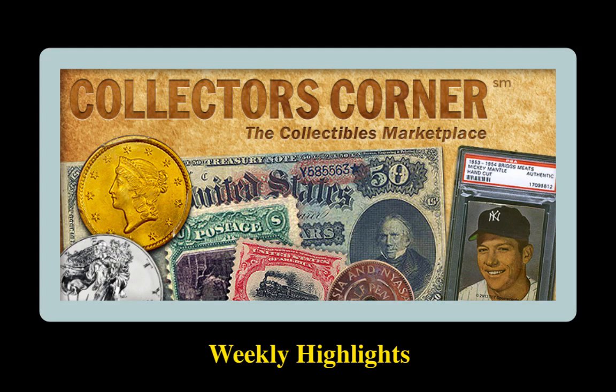As a collector, there's no better feeling than adding to your collection. Collectors Corner exists to help you with that process. Every day, tons of coins, currency, stamps, and trading cards are bought and sold over our network. Here are 20 highlighted collectibles available for sale by some of the world's most trusted dealers.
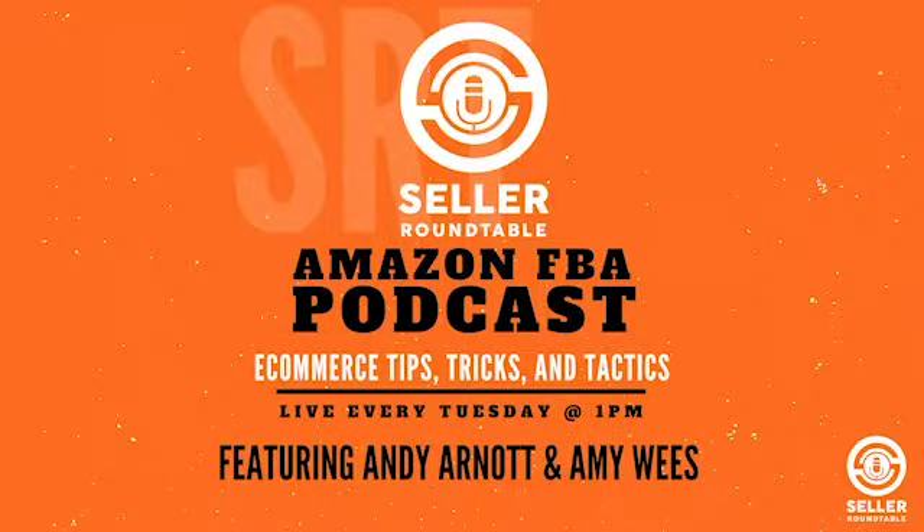Welcome to the Seller Roundtable E-Commerce Coaching and Business Strategies with Andy Arnott and Amy Wees. Kevin mentioned in the chat that you can find some Indian suppliers on Alibaba, but what are the types of products that we can expect to find when looking to source from India?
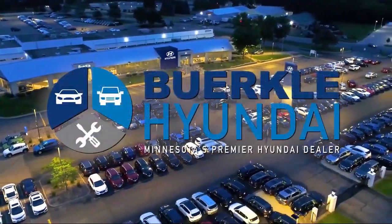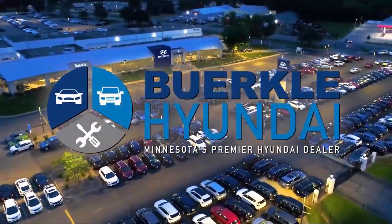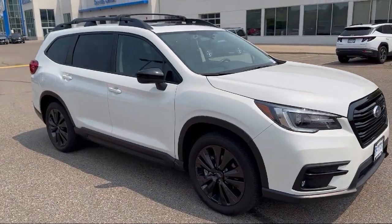Welcome to Berkley Hyundai, Minnesota's premier Hyundai dealer. Here's a look at another one of our great vehicles from our inventory.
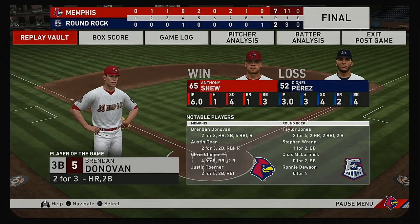Our final line score: for the victorious Redbirds, seven runs on 11 hits, no errors, they left 10 men on base. For the Express, two runs on three hits, no errors, they left five men on base. Time of the ball game: three hours and 19 minutes. Thank you for joining us this evening — please drive home safely.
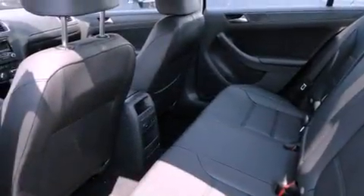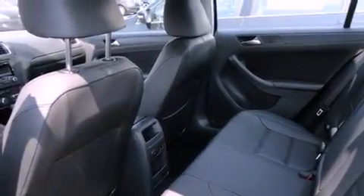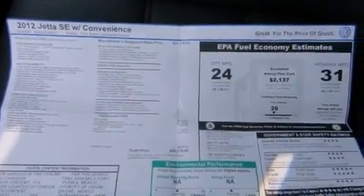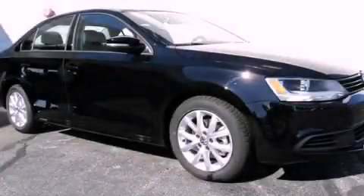With an EPA estimated rating of 31 miles per gallon on the highway, this vehicle helps leave money in your pocket where you want it. We invite you to contact us today to learn more about this vehicle.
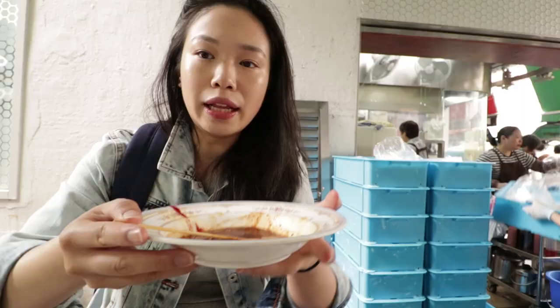This is the food I'm most excited about — this is called Gai Dan Zai, or egg waffles in English. It's like a western waffle but with more egg yolk and a bit sweeter. How you can tell it's a good Gai Dan Zai is if it's crunchy on the outside and soft on the inside. Let's break one open.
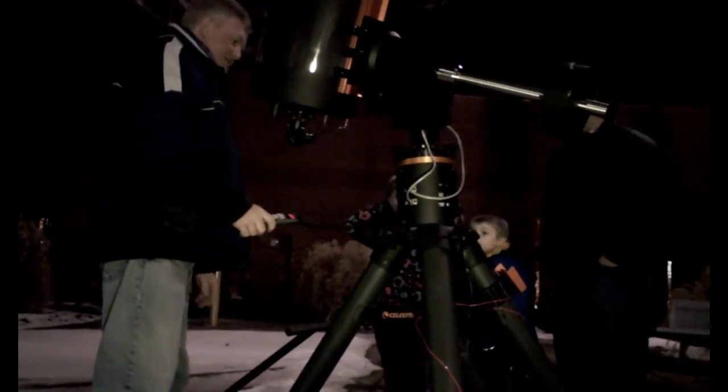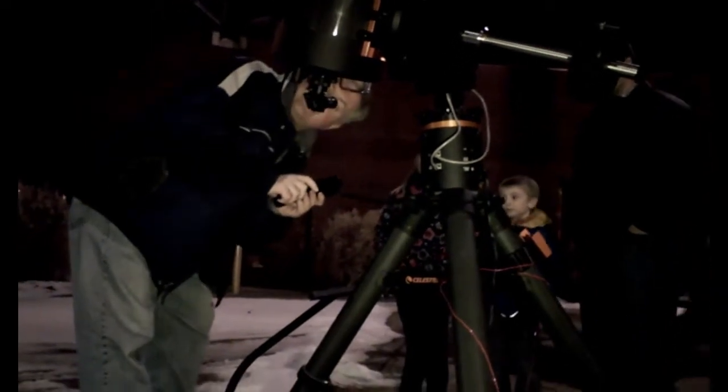You'll move the telescope out of focus. So just walk up and put your eye right in the middle of the eye piece.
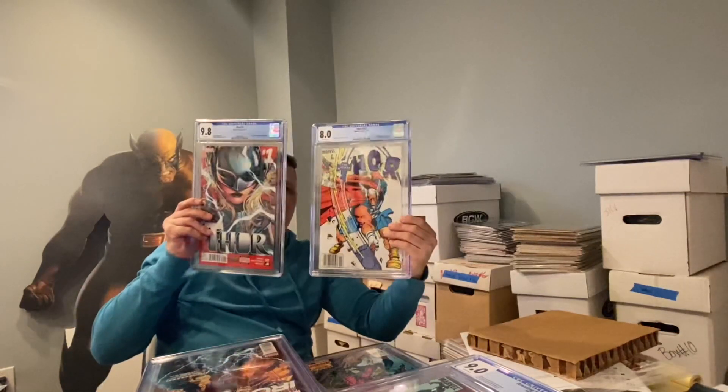A little love for Thor, a little Riri Williams love, a little Echo — all books that we've been speccing on for a while. These books have been at CGC for a while, so you can see how long I've had them — probably about a six-month wait. Just trying to look ahead, see what books are going to get hot.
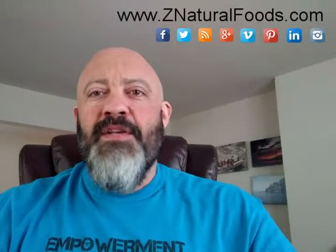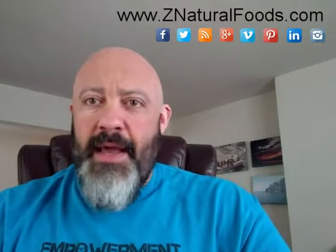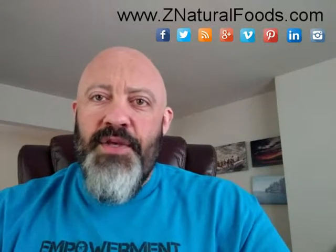Hi everyone, Mike Stuchiner, Master Herbalist here with Z Natural Foods. Today's frequently asked question video is in regards to the different types of drying processes that our foods go through. I'm going to try and make this as simple as possible because this is a little bit of an involved question and the information can get rather complex, so I'm going to give you some of the more basic information so you understand why we make the choices that we do when we source specific foods from different places and how we come to the decisions we come to.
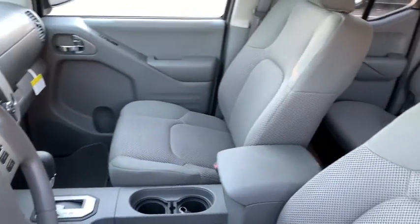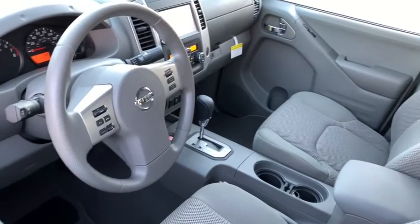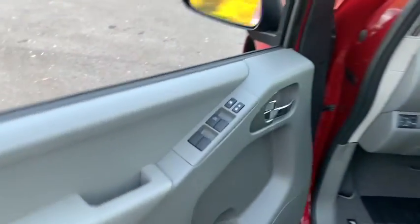Don't let this affordable Frontier slip away. Our team will give you an outstanding test drive experience. Stop in today.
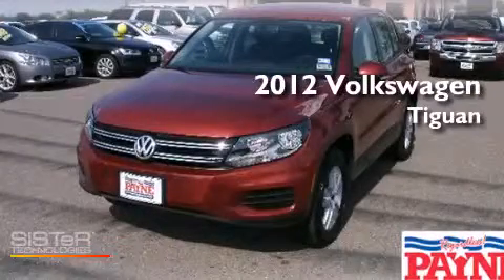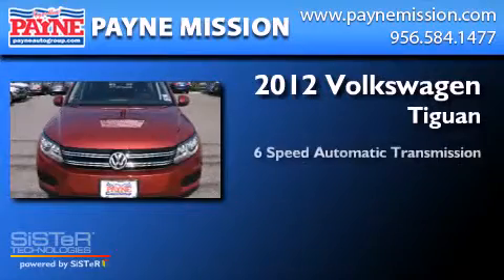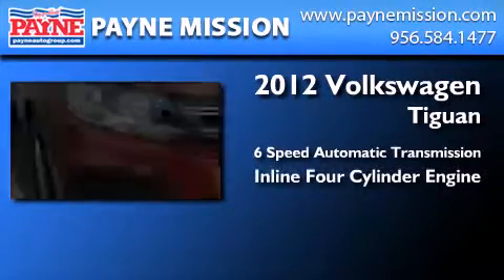This is a 2012 Volkswagen Tiguan. This crossover has a six-speed automatic transmission and an inline four-cylinder engine.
========================================
TASK ITEM —
Each entry above is to be restated exactly, without its images.

RESPONSE FOR THIS EXERCISE —
As a collector, there's no better feeling than adding to your collection. Collectors Corner exists to help you with that process. Every day, tons of coins, currency, stamps, and trading cards are bought and sold over our network. Here are 20 highlighted collectibles available for sale by some of the world's most trusted dealers.
Welcome to the Seller Roundtable E-Commerce Coaching and Business Strategies with Andy Arnott and Amy Wees. Kevin mentioned in the chat that you can find some Indian suppliers on Alibaba, but what are the types of products that we can expect to find when looking to source from India?
Welcome to Berkley Hyundai, Minnesota's premier Hyundai dealer. Here's a look at another one of our great vehicles from our inventory.
Our final line score: for the victorious Redbirds, seven runs on 11 hits, no errors, they left 10 men on base. For the Express, two runs on three hits, no errors, they left five men on base. Time of the ball game: three hours and 19 minutes. Thank you for joining us this evening — please drive home safely.
With an EPA estimated rating of 31 miles per gallon on the highway, this vehicle helps leave money in your pocket where you want it. We invite you to contact us today to learn more about this vehicle.
This is the food I'm most excited about — this is called Gai Dan Zai, or egg waffles in English. It's like a western waffle but with more egg yolk and a bit sweeter. How you can tell it's a good Gai Dan Zai is if it's crunchy on the outside and soft on the inside. Let's break one open.
You'll move the telescope out of focus. So just walk up and put your eye right in the middle of the eye piece.
A little love for Thor, a little Riri Williams love, a little Echo — all books that we've been speccing on for a while. These books have been at CGC for a while, so you can see how long I've had them — probably about a six-month wait. Just trying to look ahead, see what books are going to get hot.
Hi everyone, Mike Stuchiner, Master Herbalist here with Z Natural Foods. Today's frequently asked question video is in regards to the different types of drying processes that our foods go through. I'm going to try and make this as simple as possible because this is a little bit of an involved question and the information can get rather complex, so I'm going to give you some of the more basic information so you understand why we make the choices that we do when we source specific foods from different places and how we come to the decisions we come to.
Don't let this affordable Frontier slip away. Our team will give you an outstanding test drive experience. Stop in today.
This is a 2012 Volkswagen Tiguan. This crossover has a six-speed automatic transmission and an inline four-cylinder engine.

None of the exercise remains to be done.